- _Extracted material_
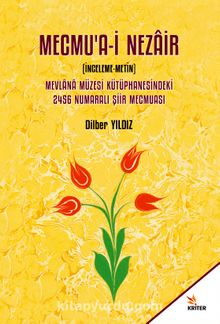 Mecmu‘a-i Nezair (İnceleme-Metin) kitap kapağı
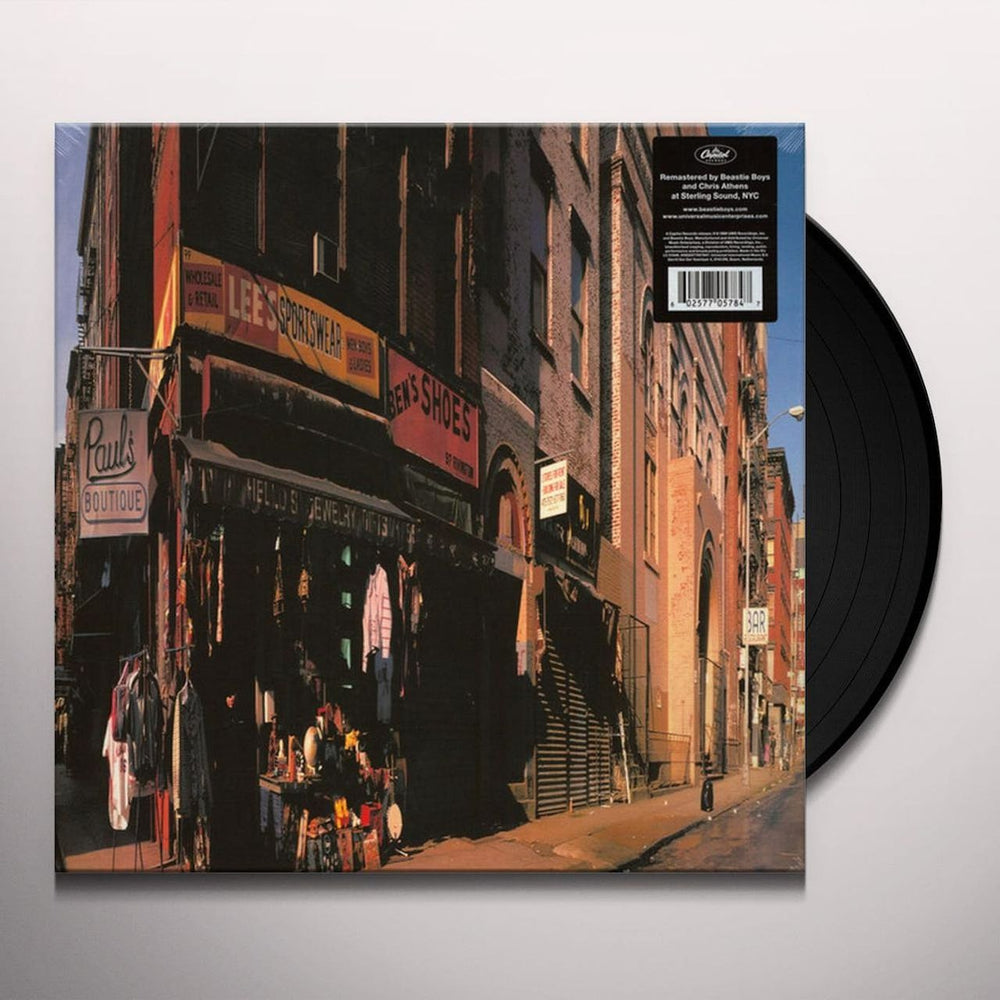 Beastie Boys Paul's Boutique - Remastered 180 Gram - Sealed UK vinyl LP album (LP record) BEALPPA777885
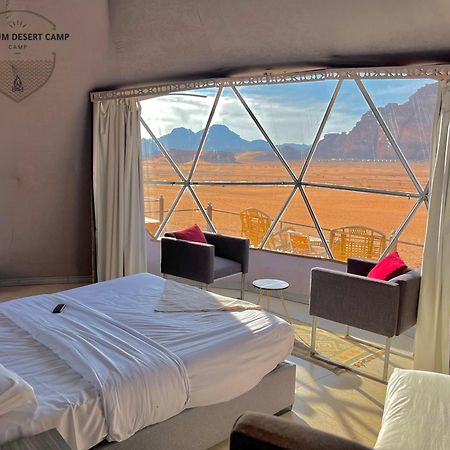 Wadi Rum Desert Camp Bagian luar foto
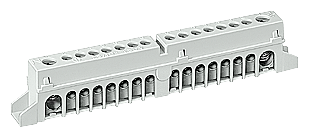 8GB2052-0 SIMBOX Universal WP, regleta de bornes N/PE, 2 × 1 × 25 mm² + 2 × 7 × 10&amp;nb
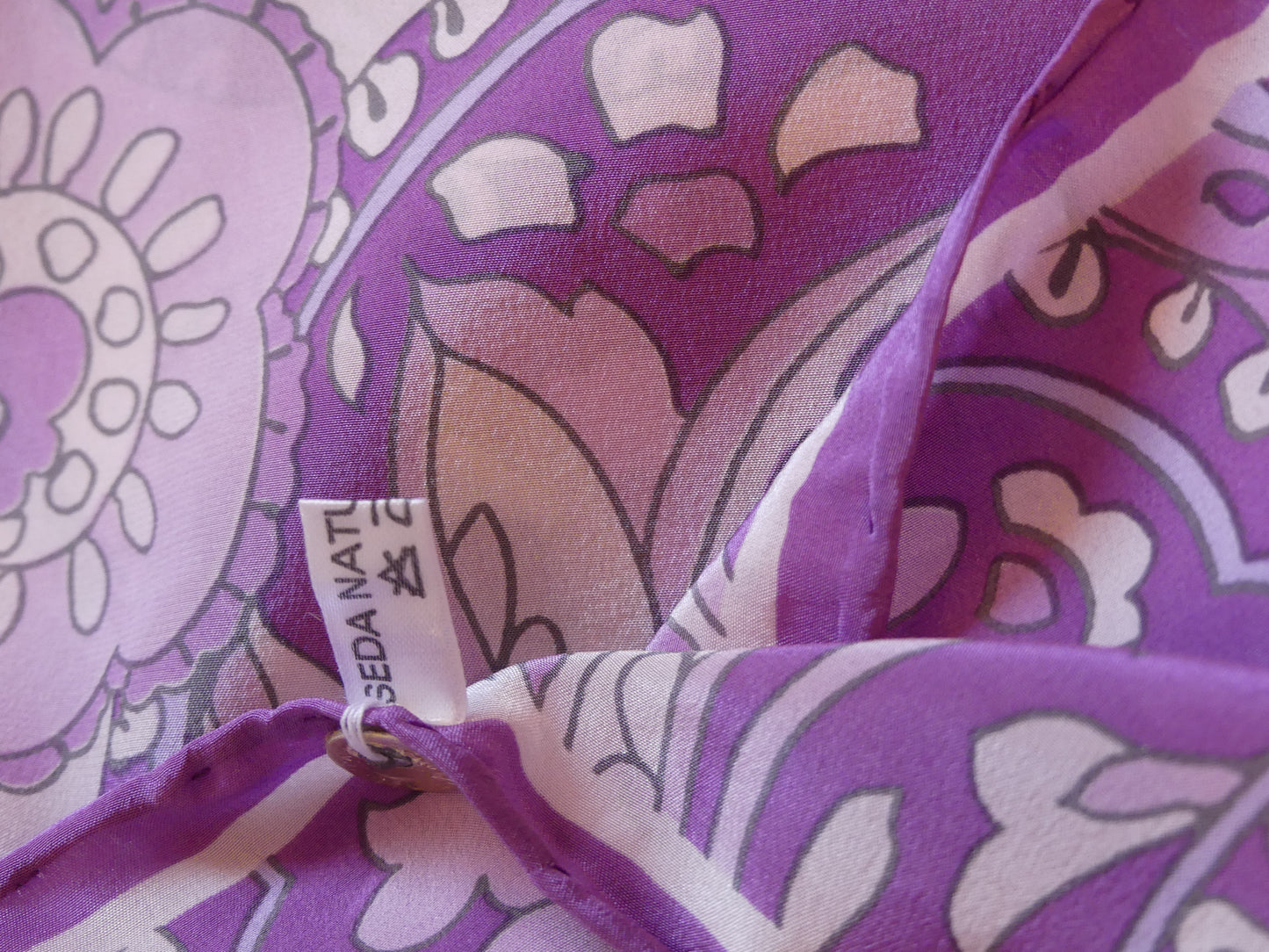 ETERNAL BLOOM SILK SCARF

---

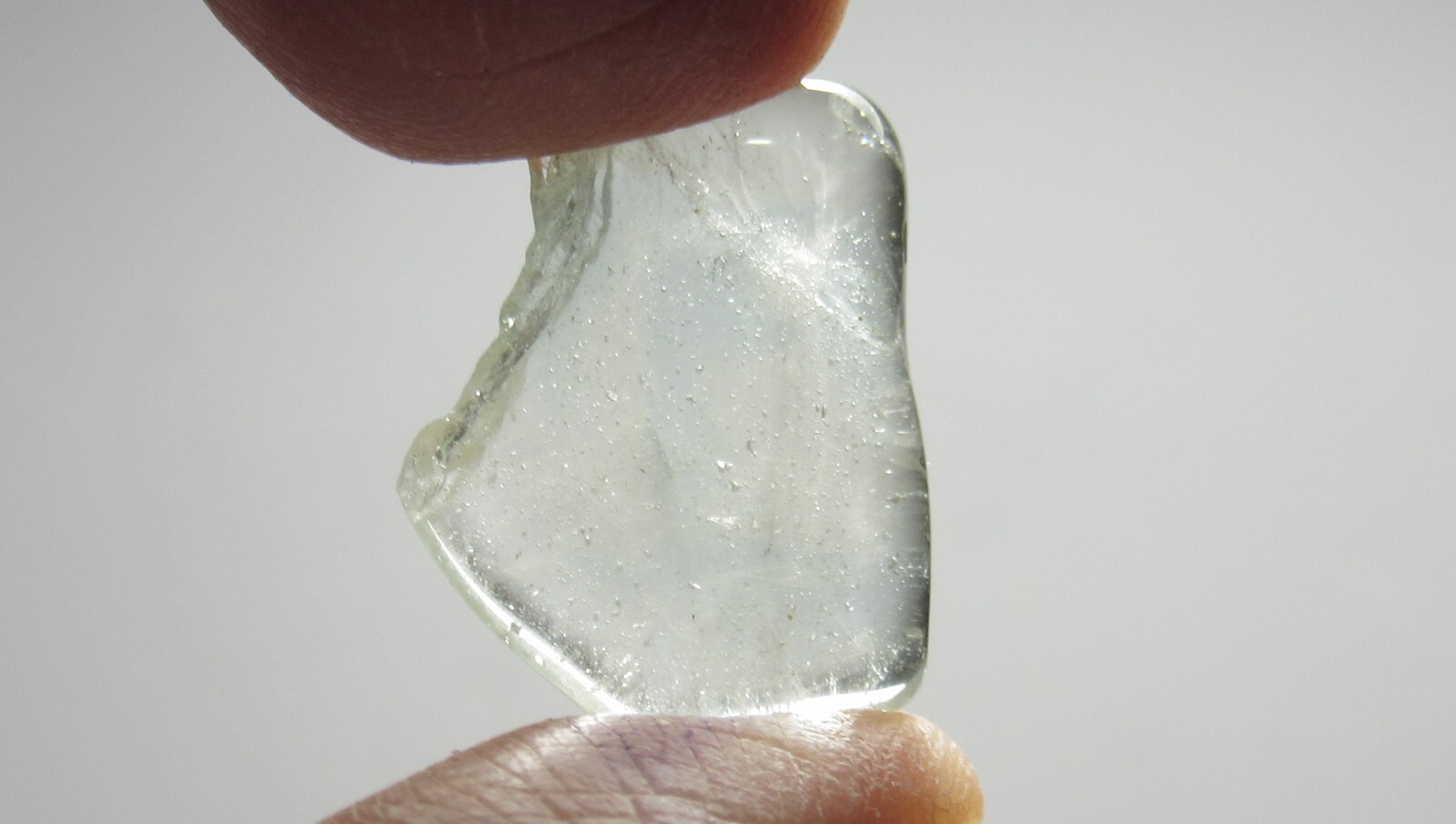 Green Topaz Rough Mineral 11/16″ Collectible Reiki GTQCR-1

* * *

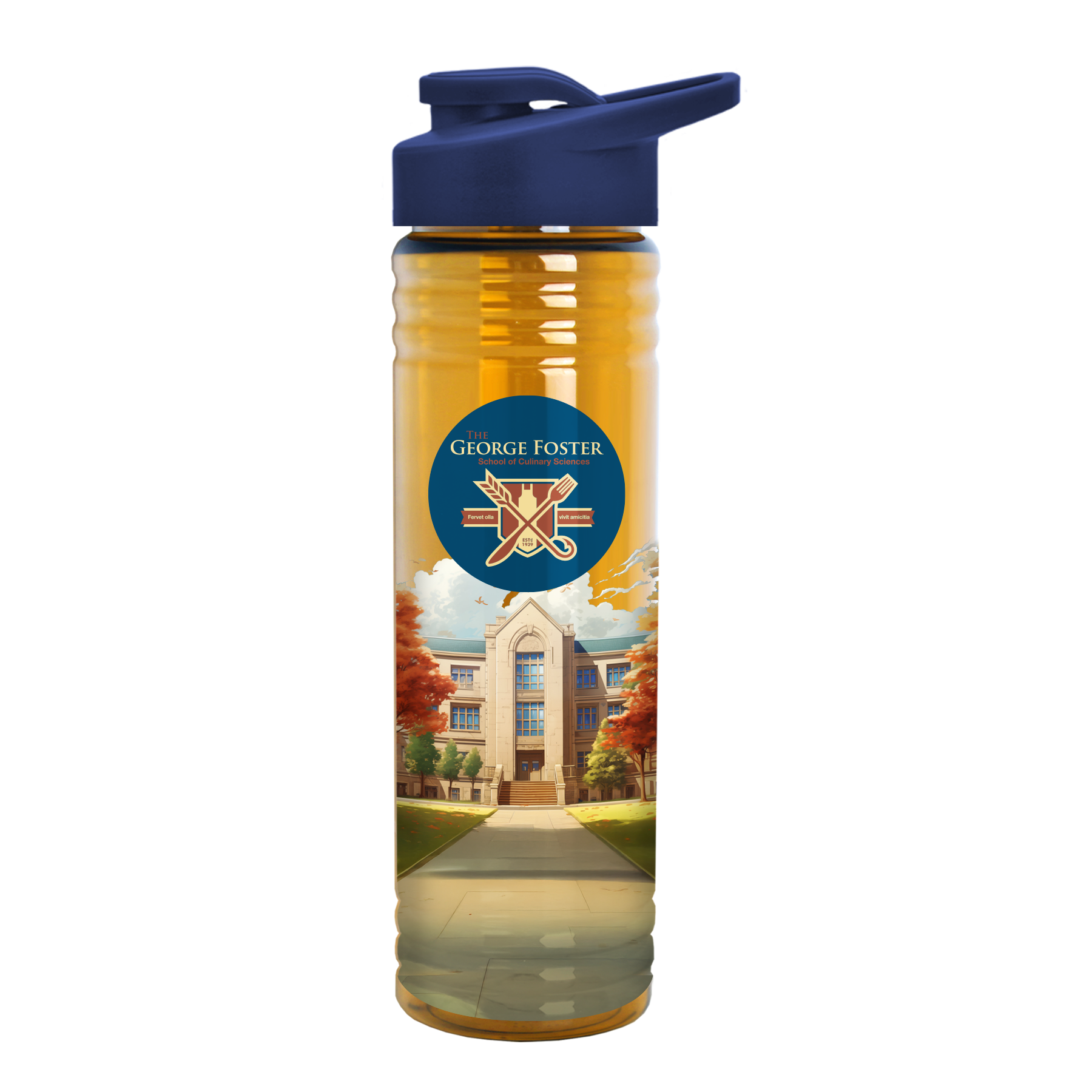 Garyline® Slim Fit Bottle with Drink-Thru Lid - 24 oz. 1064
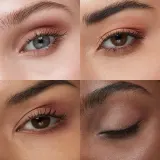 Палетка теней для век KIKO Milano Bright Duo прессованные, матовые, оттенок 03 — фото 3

- _How to complete this task_
Using the records above, repeat exactly the run of lines that starts with the line with "Beastie Boys Paul's" and goes on through the line with "ETERNAL BLOOM SILK SCARF"; omit each picture.

- _Reply_
 Beastie Boys Paul's Boutique - Remastered 180 Gram - Sealed UK vinyl LP album (LP record) BEALPPA777885
 Wadi Rum Desert Camp Bagian luar foto
 8GB2052-0 SIMBOX Universal WP, regleta de bornes N/PE, 2 × 1 × 25 mm² + 2 × 7 × 10&amp;nb
 ETERNAL BLOOM SILK SCARF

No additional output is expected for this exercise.